Learning Optimal Prompt Ensemble for Multi-source Visual Prompt Transfer
Zhang, Cao, Wu et al.
Prompt tuning has emerged as a lightweight strategy for adapting foundation models to downstream tasks, particularly for resource-constrained systems. As pre-trained prompts become valuable assets, combining multiple source prompts offers a promising approach to enhance generalization for new tasks by leveraging complementary knowledge. However, naive aggregation often overlooks different source prompts have different contribution potential to the target task. To address this, we propose HGPrompt, a dynamic framework that learns optimal ensemble weights. These weights are optimized by jointly maximizing an information-theoretic metric for transferability and minimizing gradient conflicts via a novel regularization strategy. Specifically, we propose a differentiable prompt transferability metric to captures the discriminability of prompt-induced features on the target task. Meanwhile, HGPrompt match the gradient variances with respect to different source prompts based on Hessian and Fisher Information, ensuring stable and coherent knowledge transfer while suppressing gradient conflicts among them. Extensive experiments on the large-scale VTAB benchmark demonstrate the state-of-the-art performance of HGPrompt, validating its effectiveness in learning an optimal ensemble for effective multi-source prompt transfer.
academic
Learning Optimal Prompt Ensemble for Multi-source Visual Prompt Transfer
This paper proposes the HGPrompt framework for multi-source visual prompt transfer tasks. The method learns optimal ensemble weights through joint optimization of information-theoretic transferability metrics and gradient conflict minimization regularization. Specifically, a differentiable prompt transferability metric is proposed to capture the discriminability of prompt-induced features on target tasks, while matching gradient variance across different source prompts based on Hessian and Fisher information to ensure stable and consistent knowledge transfer while suppressing gradient conflicts. Experiments on the large-scale VTAB benchmark validate the effectiveness of HGPrompt.

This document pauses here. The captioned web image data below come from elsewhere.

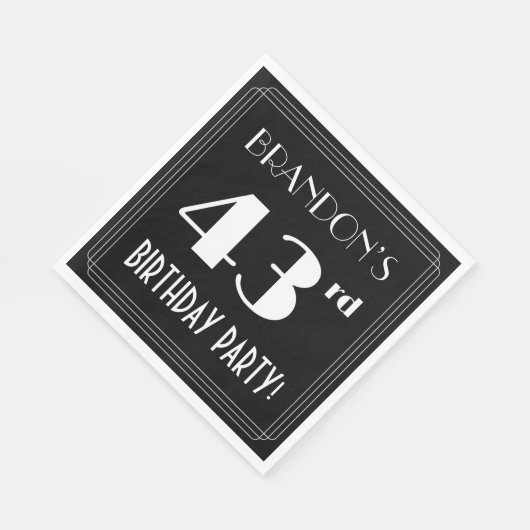 Art Deco 43rd Birthday Party met aangepaste naam Servet (Hoek)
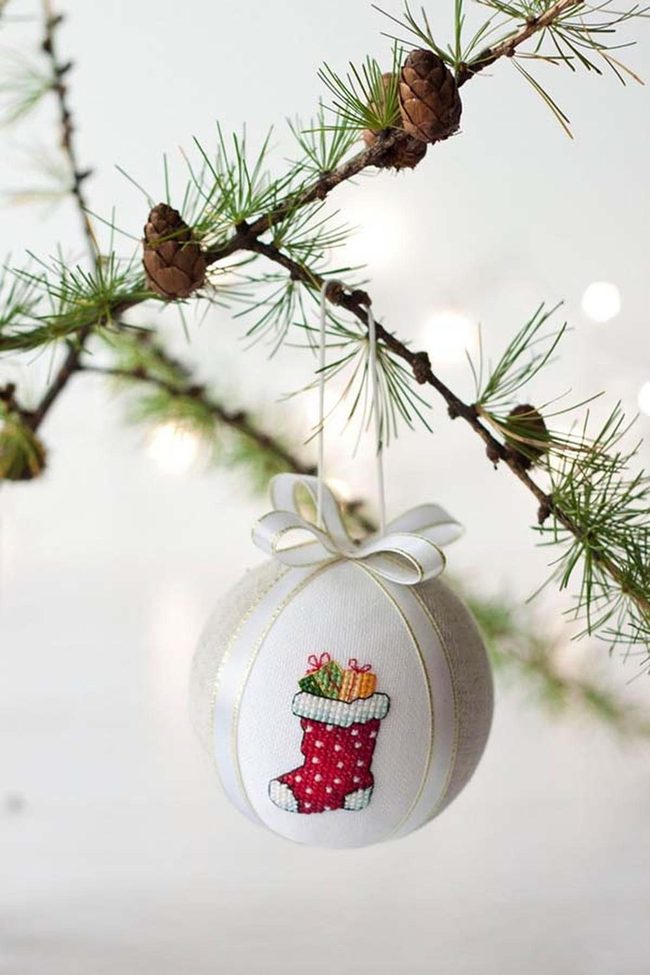 Linen Cross-Stitch Heirloom Ornaments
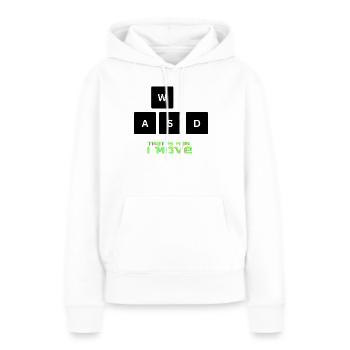 T-shirt WASD Gamer C’est comme ça que je bouge - Sweat à capuche Premium bio Femme - blanc - Devant - Julia (174cm)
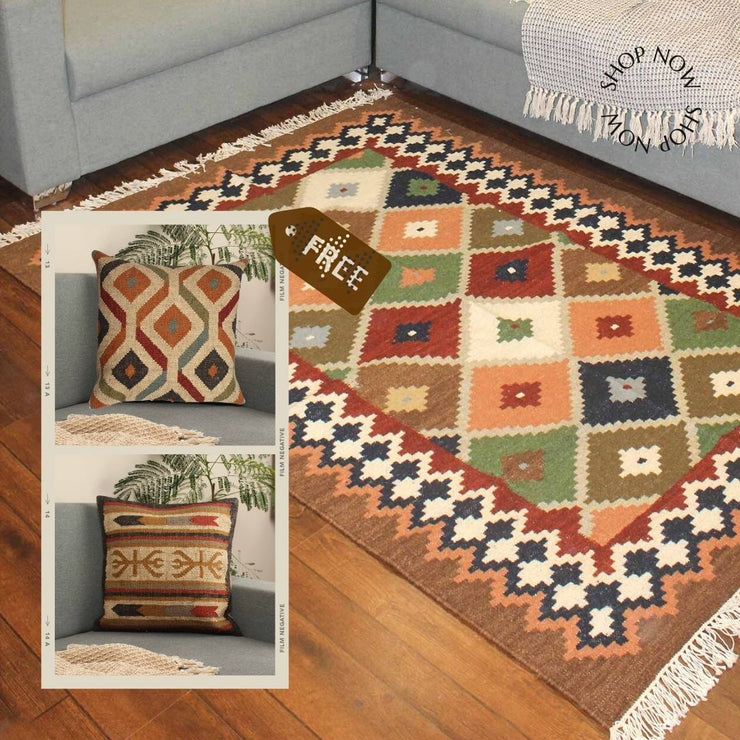 Hand-weaved Jute Multi-color Rug
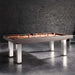 Luxurious taupe pool table in a chic industrial setting with matte black brick wall and modern accessories.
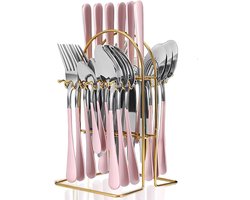 Bestekset 6 Persoons - Serviesset - 24-Delig - Roze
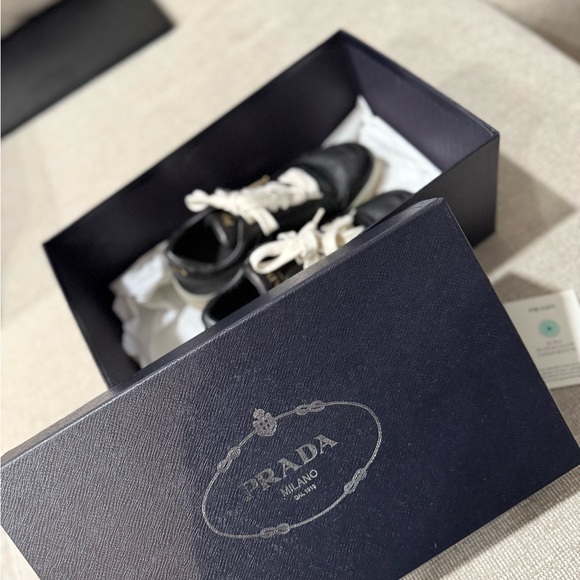 Prada Women’s Black Leather Sneakers (Original) - Picture 7 of 8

With the development of visual foundation models, prompt tuning has become a lightweight strategy for adapting to downstream tasks. The core challenge faced by existing methods is: how to effectively aggregate multiple source prompts to enhance generalization capability on new tasks.
Resource Efficiency Requirements: Full model fine-tuning becomes impractical on large-scale pre-trained models, while prompt tuning achieves competitive performance by updating only 0.4% of parameters
Prompt Asset Value: Pre-trained prompts have become valuable knowledge assets, and combinations of multi-source prompts can leverage complementary knowledge
Limitations of Existing Methods: Simple concatenation or averaging aggregation ignores the varying contributions of different source prompts to target tasks, potentially leading to representation collapse
Proposes HGPrompt Framework: The first theoretically reliable framework for dynamically learning optimal prompt weights by evaluating the transferability of aggregated prompt-induced features
Information-Theoretic Transferability Metric: A differentiable prompt transferability metric based on H-score, providing explicit and interpretable contribution quantification
Gradient Alignment Regularization: An innovative gradient variance matching objective that addresses gradient conflicts among multi-source prompts
SOTA Performance: Achieves state-of-the-art performance on the VTAB benchmark with average accuracy of 60.3%
Given κ source tasks S = {Sᵢ}ᵏᵢ₌₁ and their corresponding optimized prompts {Pᵢ}ᵏᵢ₌₁, the goal is to construct a target prompt P_T for new task T through optimal combination of source prompts. Let M ≤ κ be the number of selected source prompts, with weights α = (α₁,...,αₘ) satisfying ∑ᵢαᵢ = 1 and αᵢ ≥ 0.
For pre-trained Transformers, m learnable prompt tokens P = p₁,...,pₘ ∈ ℝᵐˣᵈ are introduced. Given patch embeddings E(X) ∈ ℝⁿˣᵈ of input image X, the combined input sequence is P;E(X) ∈ ℝ⁽ᵐ⁺ⁿ⁾ˣᵈ.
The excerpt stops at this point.